__Work to be completed__
From the line with "A beach with" to the line with "1105 Irving Street", output every line below exactly, both ends included. Skip the pictures.

__Entries shown__

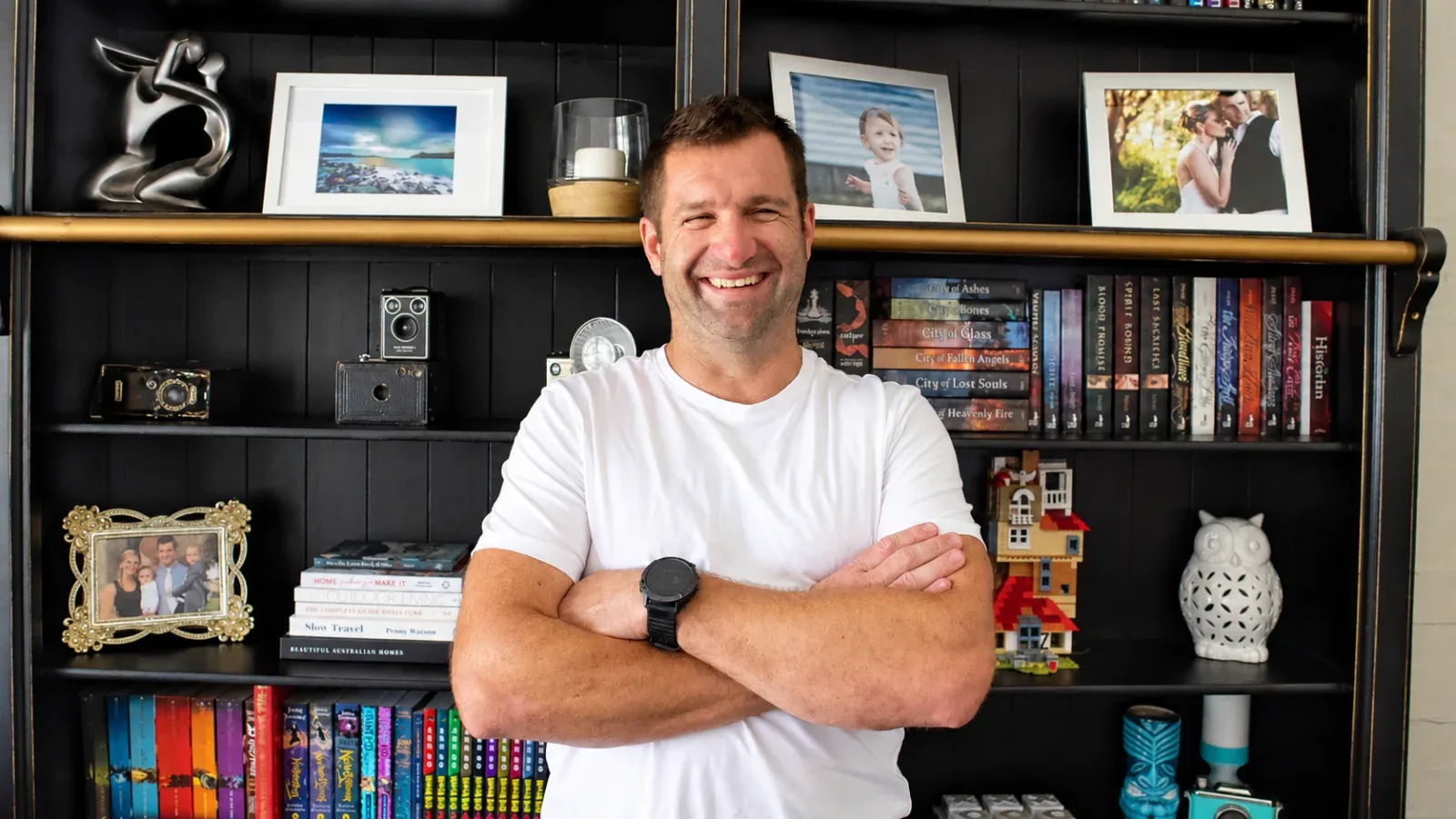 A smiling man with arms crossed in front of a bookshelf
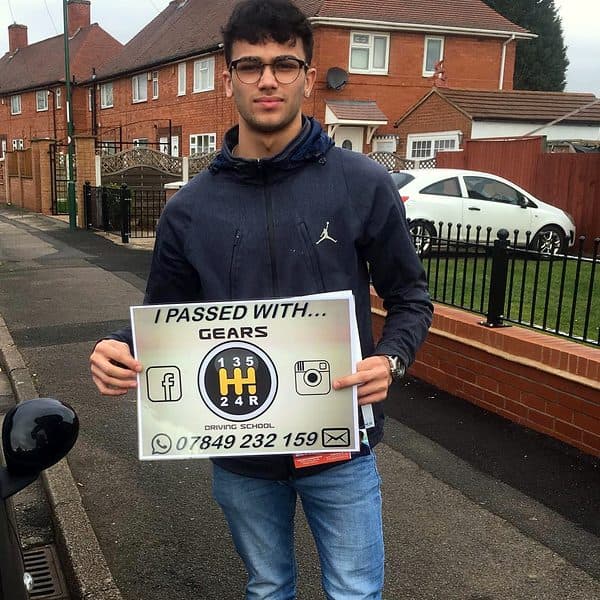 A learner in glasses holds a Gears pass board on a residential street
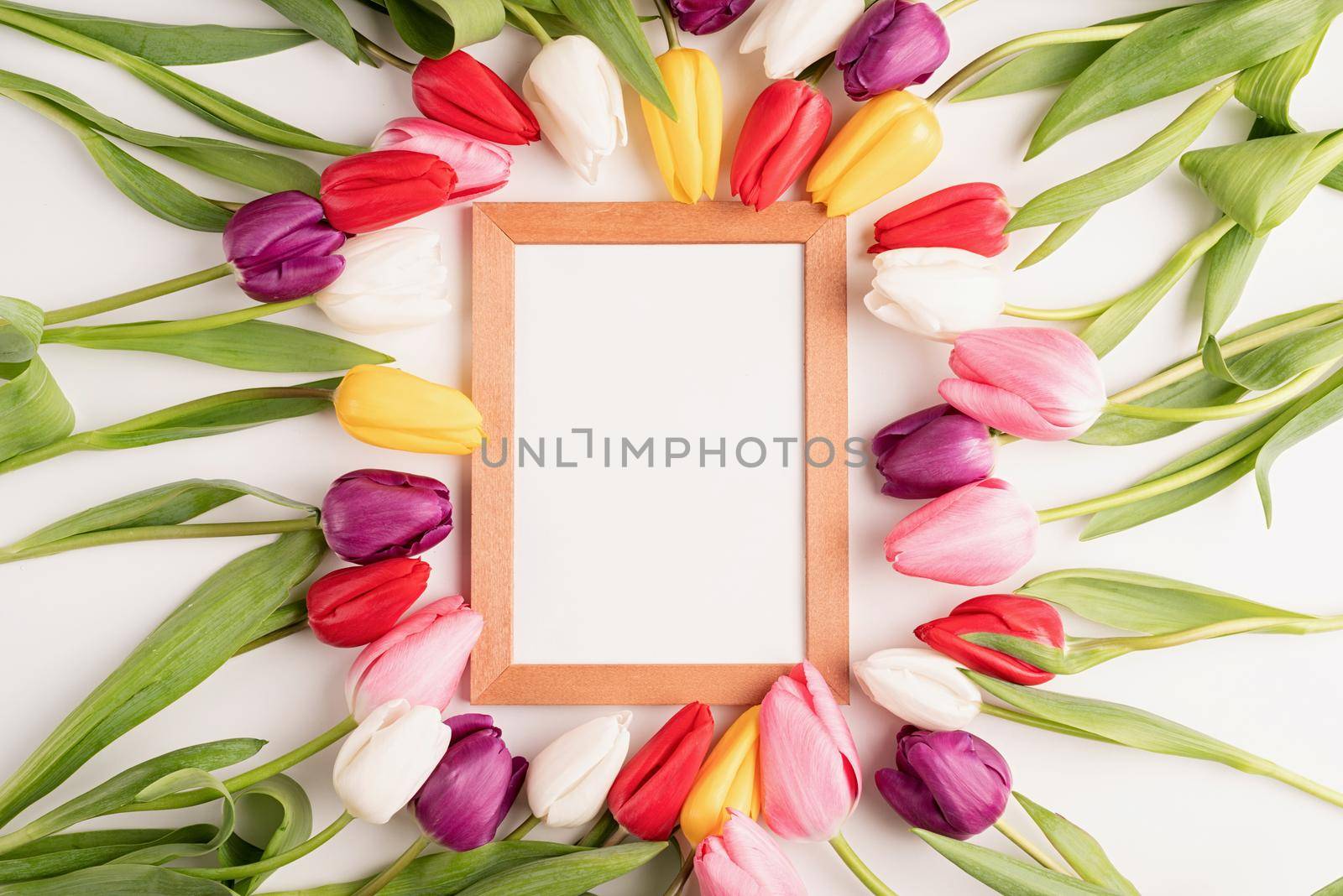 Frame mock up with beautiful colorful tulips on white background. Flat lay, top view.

--

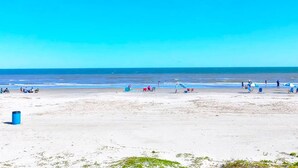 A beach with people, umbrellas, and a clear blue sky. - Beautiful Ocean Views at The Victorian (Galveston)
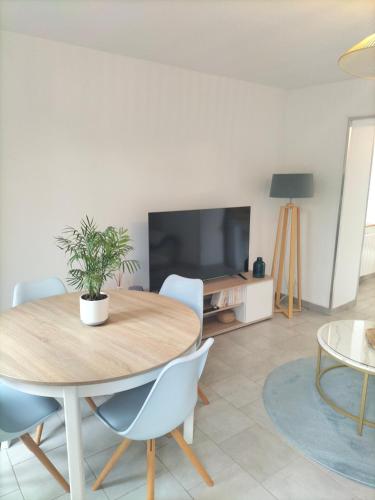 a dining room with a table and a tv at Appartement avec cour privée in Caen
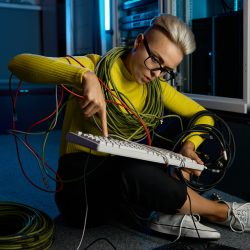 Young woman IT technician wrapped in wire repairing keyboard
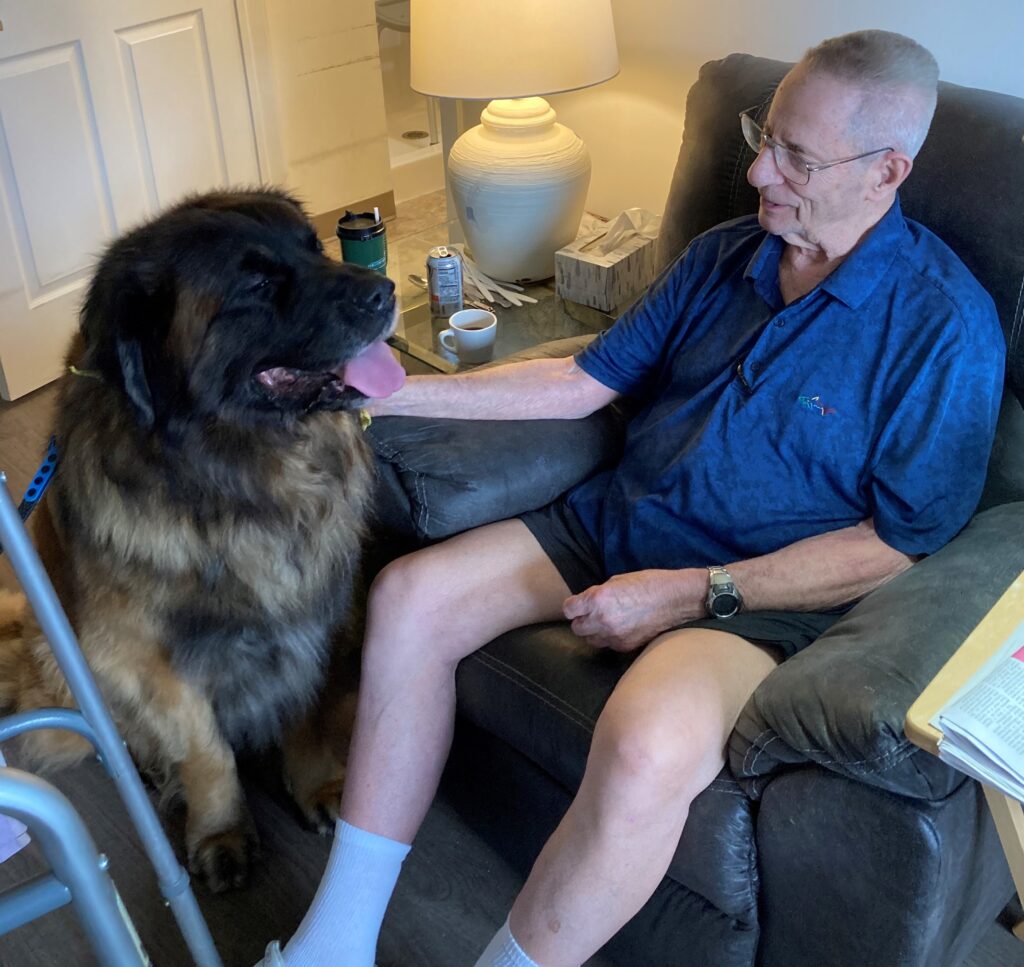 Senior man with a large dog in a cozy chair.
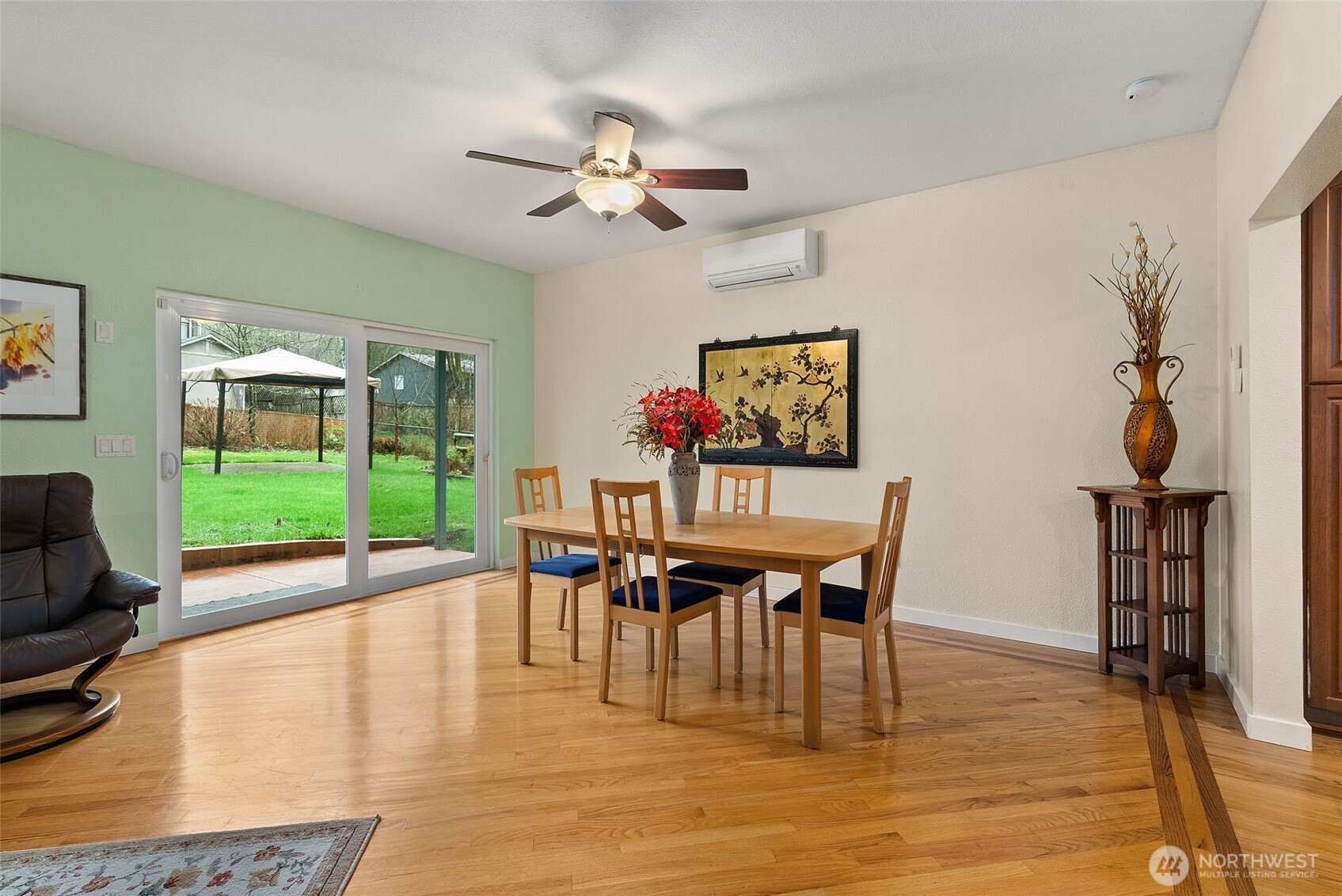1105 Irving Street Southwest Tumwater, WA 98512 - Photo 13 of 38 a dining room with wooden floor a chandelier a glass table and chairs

__Problem solution__
 A beach with people, umbrellas, and a clear blue sky. - Beautiful Ocean Views at The Victorian (Galveston)
 a dining room with a table and a tv at Appartement avec cour privée in Caen
 Young woman IT technician wrapped in wire repairing keyboard
 Senior man with a large dog in a cozy chair.
1105 Irving Street Southwest Tumwater, WA 98512 - Photo 13 of 38 a dining room with wooden floor a chandelier a glass table and chairs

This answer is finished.